Work task
Output nothing except the lines from the one containing "Người đ&agrave;n &ocirc;ng" through the final line of the data, both included, typed exactly, minus the pictures.

Information given
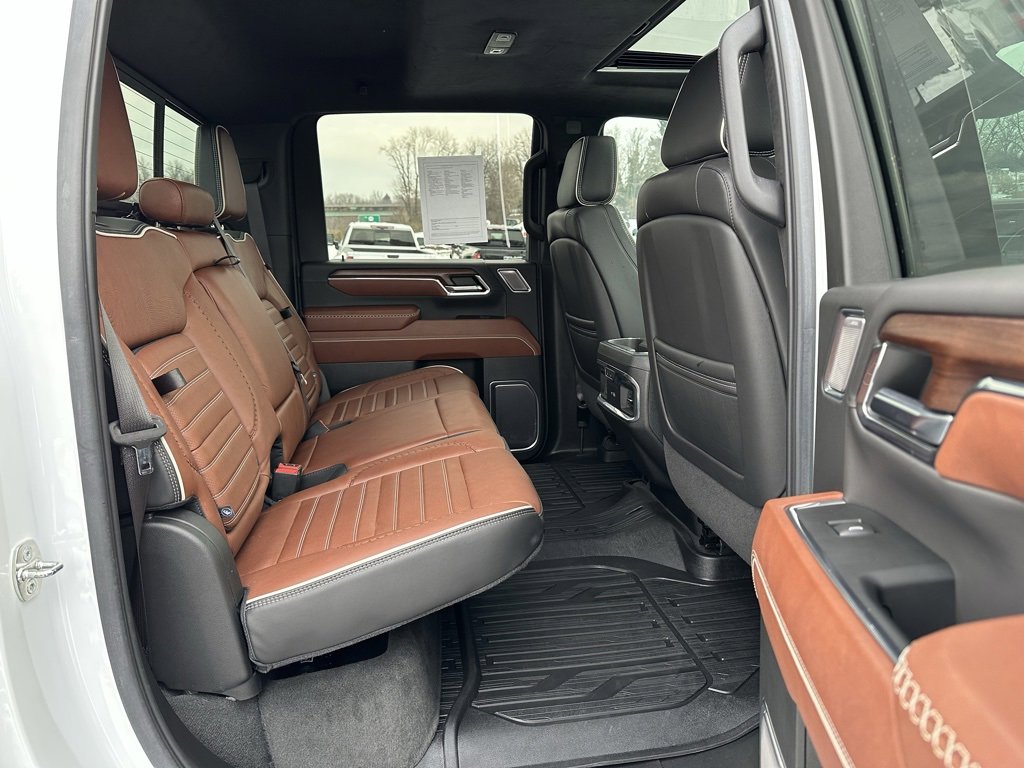 Used 2024 GMC Sierra 3500 Denali Ultimate image 13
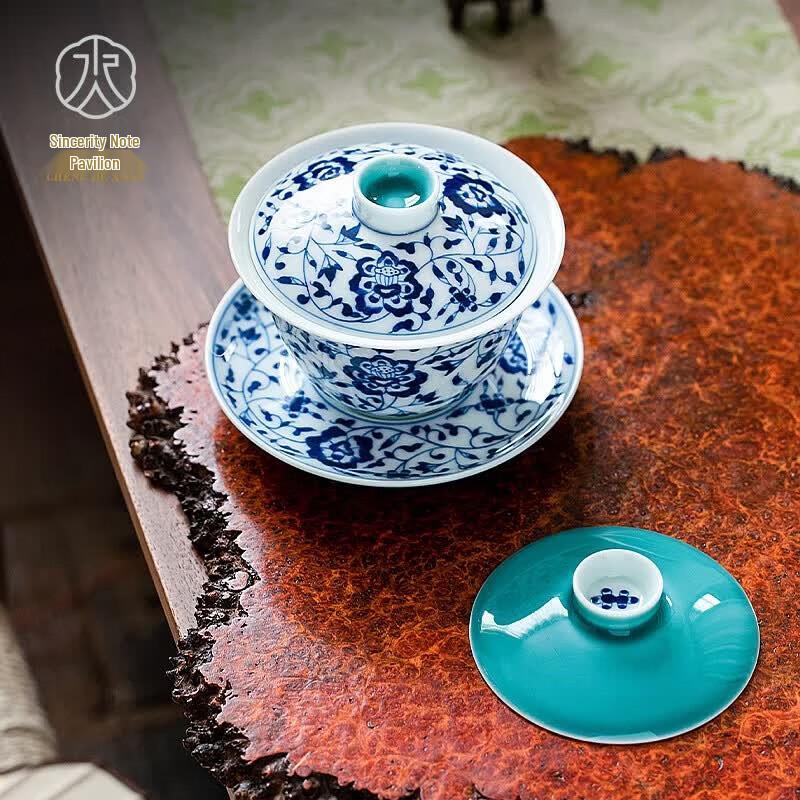 Jingdezhen Hand-Painted Blue & White Floral Gaiwan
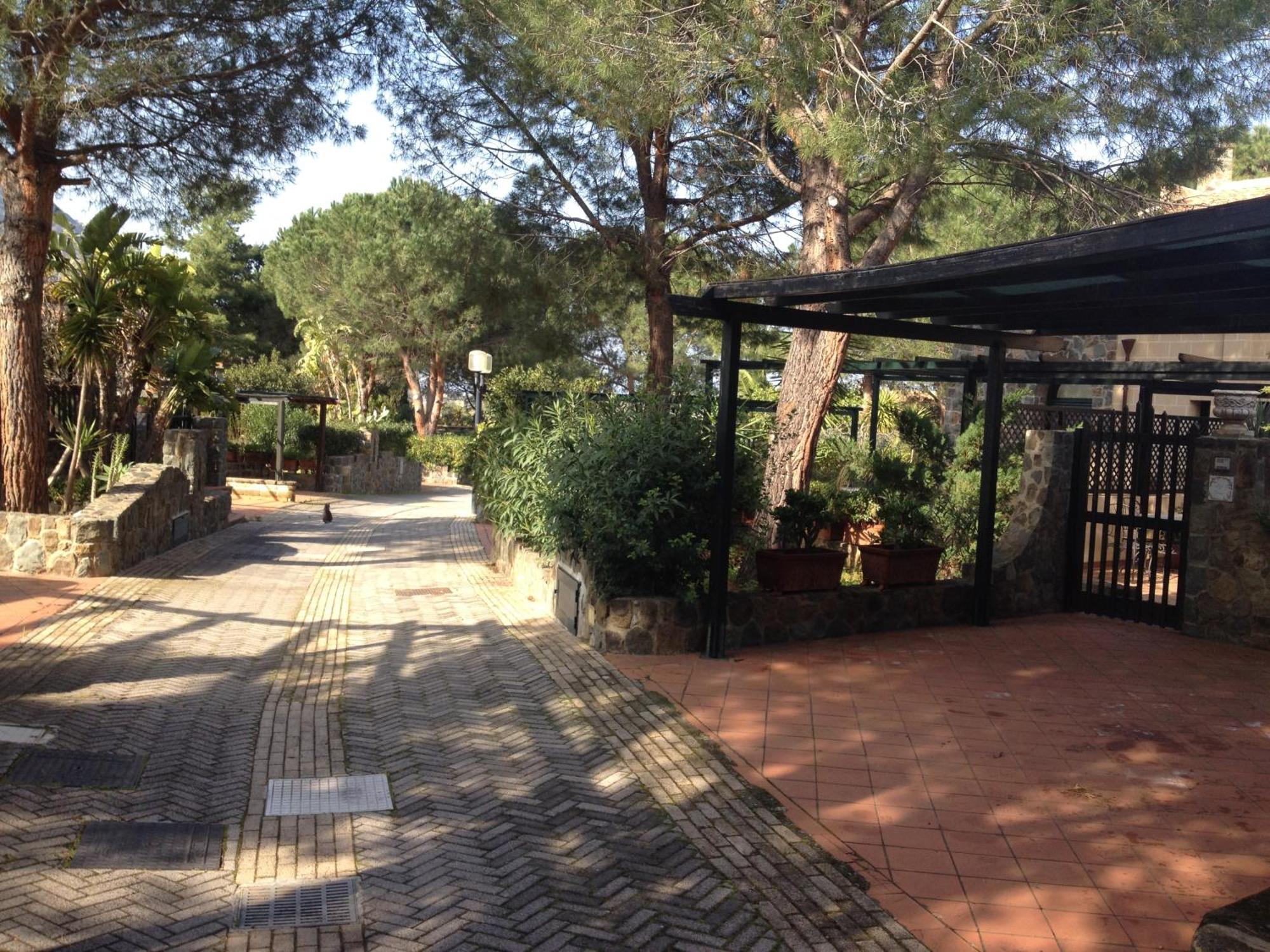 Villa Al Mare Baia Emiri Mazzaforno Чефалу Экстерьер фото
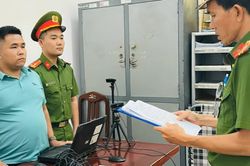Người đ&agrave;n &ocirc;ng giở 'th&oacute;i c&ocirc;n đồ' b&oacute;p cổ, đ&aacute;nh t&agrave;i xế &ocirc; t&ocirc; nhập viện sau va chạm giao th&ocirc;ng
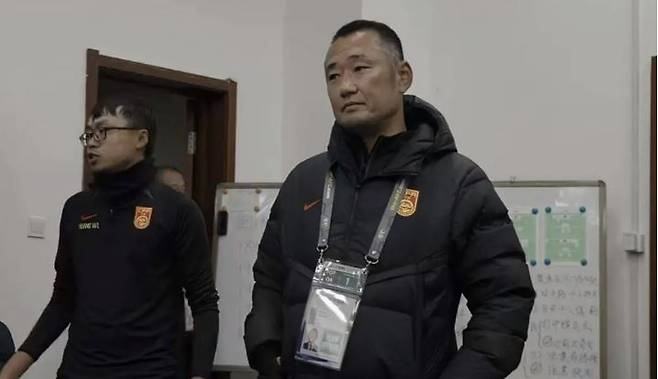 우에무라 겐이치(일본) 중국 U-17 축구대표팀 감독. 사진=소후닷컴
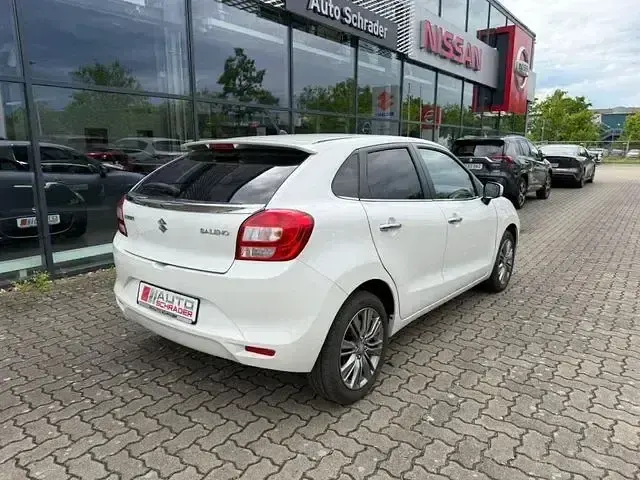 Gebraucht Suzuki Baleno Comfort 90 PS (66 kW) 2018 Weiß Kleinwagen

Answer to the exercise
Người đ&agrave;n &ocirc;ng giở 'th&oacute;i c&ocirc;n đồ' b&oacute;p cổ, đ&aacute;nh t&agrave;i xế &ocirc; t&ocirc; nhập viện sau va chạm giao th&ocirc;ng
 우에무라 겐이치(일본) 중국 U-17 축구대표팀 감독. 사진=소후닷컴
 Gebraucht Suzuki Baleno Comfort 90 PS (66 kW) 2018 Weiß Kleinwagen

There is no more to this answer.